Open mehilshah opened 1 month ago

mehilshah commented 1 month ago

Publisher

ICSE'22

Link to The Paper

https://dl.acm.org/doi/abs/10.1145/3510003.3510160

Name of The Authors

Zhensu Sun, Li Li, Yan Liu, Xiaoning Du, and Li Li

Year of Publication

2022

Summary

This paper addresses the importance of high-quality training datasets for neural code search models. The authors find that many widely used code search datasets, which are often constructed from code comments and code snippet pairs, contain significant noise and unnatural language in the queries that deviate from real user queries. Over one-third of the queries in a popular GitHub dataset called CodeSearchNet contain noisy features rarely seen in natural queries. This degrades the performance of code search models trained on such data when applied to real-world queries.
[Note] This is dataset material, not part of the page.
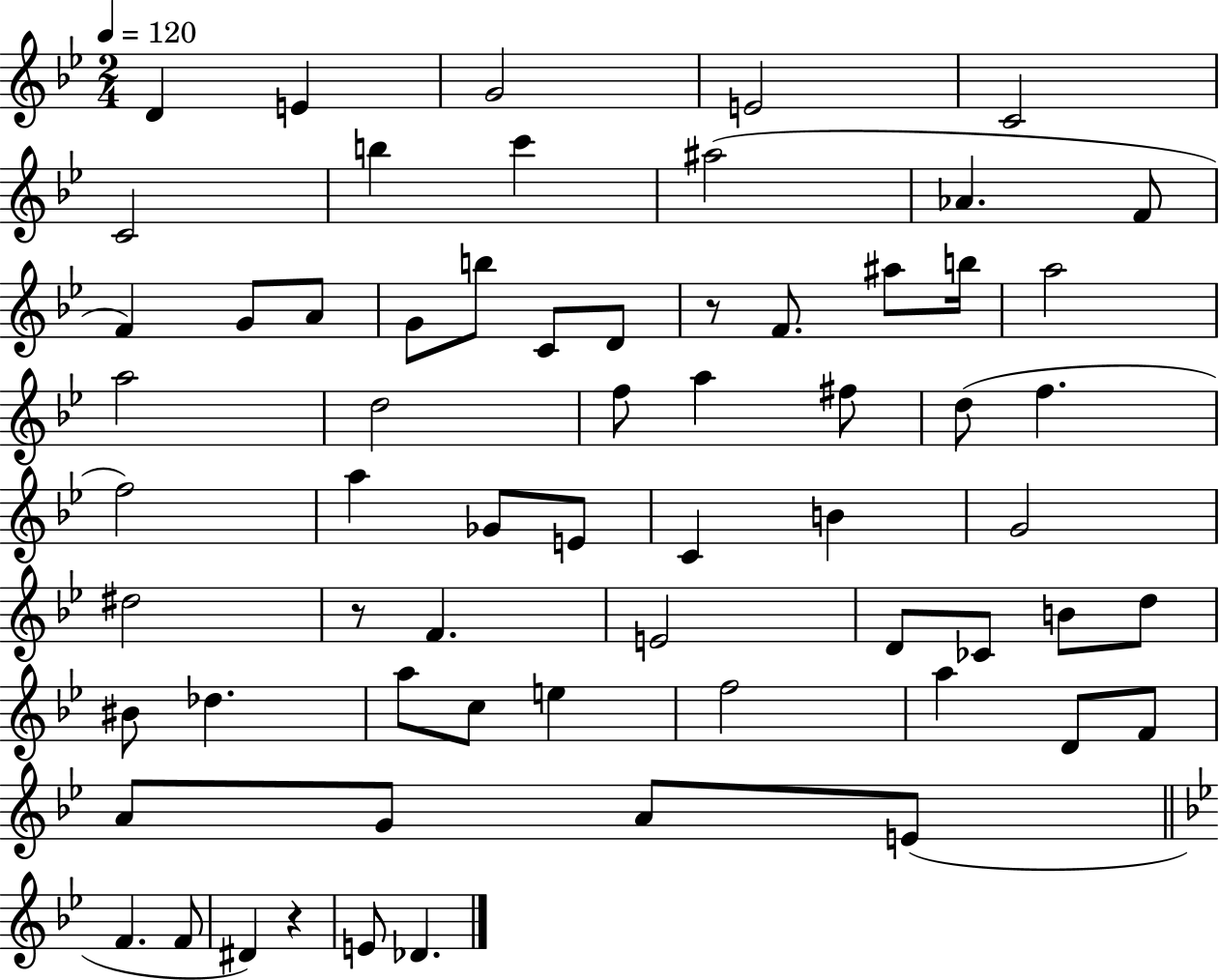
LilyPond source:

To improve dataset quality, the authors propose a two-stage data cleaning framework. First, a rule-based syntactic filter removes queries with invalid features like HTML tags, URLs, non-English text, etc., based on predefined rules. Second, a model-based semantic filter refines the dataset using a Variational Autoencoder (VAE) trained on a small bootstrap corpus of known high-quality natural language queries. The VAE helps identify and retain only semantically valid queries. Experiments show that code search models trained on the filtered datasets have significantly improved performance.
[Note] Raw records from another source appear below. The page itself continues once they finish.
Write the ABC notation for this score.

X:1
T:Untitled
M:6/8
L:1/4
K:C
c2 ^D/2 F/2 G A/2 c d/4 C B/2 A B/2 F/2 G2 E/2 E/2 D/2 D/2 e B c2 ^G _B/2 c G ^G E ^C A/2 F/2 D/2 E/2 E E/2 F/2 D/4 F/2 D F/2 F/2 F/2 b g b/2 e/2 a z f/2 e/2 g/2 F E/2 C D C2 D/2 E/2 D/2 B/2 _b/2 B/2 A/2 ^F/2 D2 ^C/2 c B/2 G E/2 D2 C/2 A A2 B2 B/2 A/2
3 RQs: Technique Effectiveness, ablation study on rule-based and semantic filters, and validity/effectiveness of EM-GMM to determine the cut-off of data retention.
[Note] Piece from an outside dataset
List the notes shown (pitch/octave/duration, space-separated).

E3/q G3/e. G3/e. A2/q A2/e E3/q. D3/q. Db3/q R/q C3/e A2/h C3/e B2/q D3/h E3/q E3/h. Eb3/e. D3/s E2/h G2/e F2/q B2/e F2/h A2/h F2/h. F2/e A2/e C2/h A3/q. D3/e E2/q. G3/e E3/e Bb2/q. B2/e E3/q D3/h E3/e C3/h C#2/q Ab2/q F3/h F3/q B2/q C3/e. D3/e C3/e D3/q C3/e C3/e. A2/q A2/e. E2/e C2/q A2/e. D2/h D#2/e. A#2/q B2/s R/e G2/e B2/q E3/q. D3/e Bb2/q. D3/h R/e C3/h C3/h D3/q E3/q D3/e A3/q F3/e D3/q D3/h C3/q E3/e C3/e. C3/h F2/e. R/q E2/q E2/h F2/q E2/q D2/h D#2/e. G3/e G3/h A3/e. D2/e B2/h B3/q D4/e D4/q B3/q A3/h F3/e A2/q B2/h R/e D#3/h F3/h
Contributions of The Paper

Comments

  1. The poor quality of comments in CodeSearchNet provides strong motivation for our proposed fault localization tool.
  2. Using a VAE model may help capture the code data's distribution and identify code snippets that are semantically or syntactically different from others.
  3. Implemented a Bidirectional GRU and an ELBO loss function (cross-entropy loss + KL divergence) for the VAE.
  4. Using EM-GMM to retain data points based on the ELBO loss is an interesting alternative to manually setting the percentage of data to retain.
  5. We reduced the search space of code search manually while maintaining a generalizable approach (Pg. 6).
  6. Advantage demonstrated: Performance still improved even when using only 50% of the data for training and 50% less training time.
  7. The real-world applicability is shown by building a library around the method and releasing a high-quality dataset.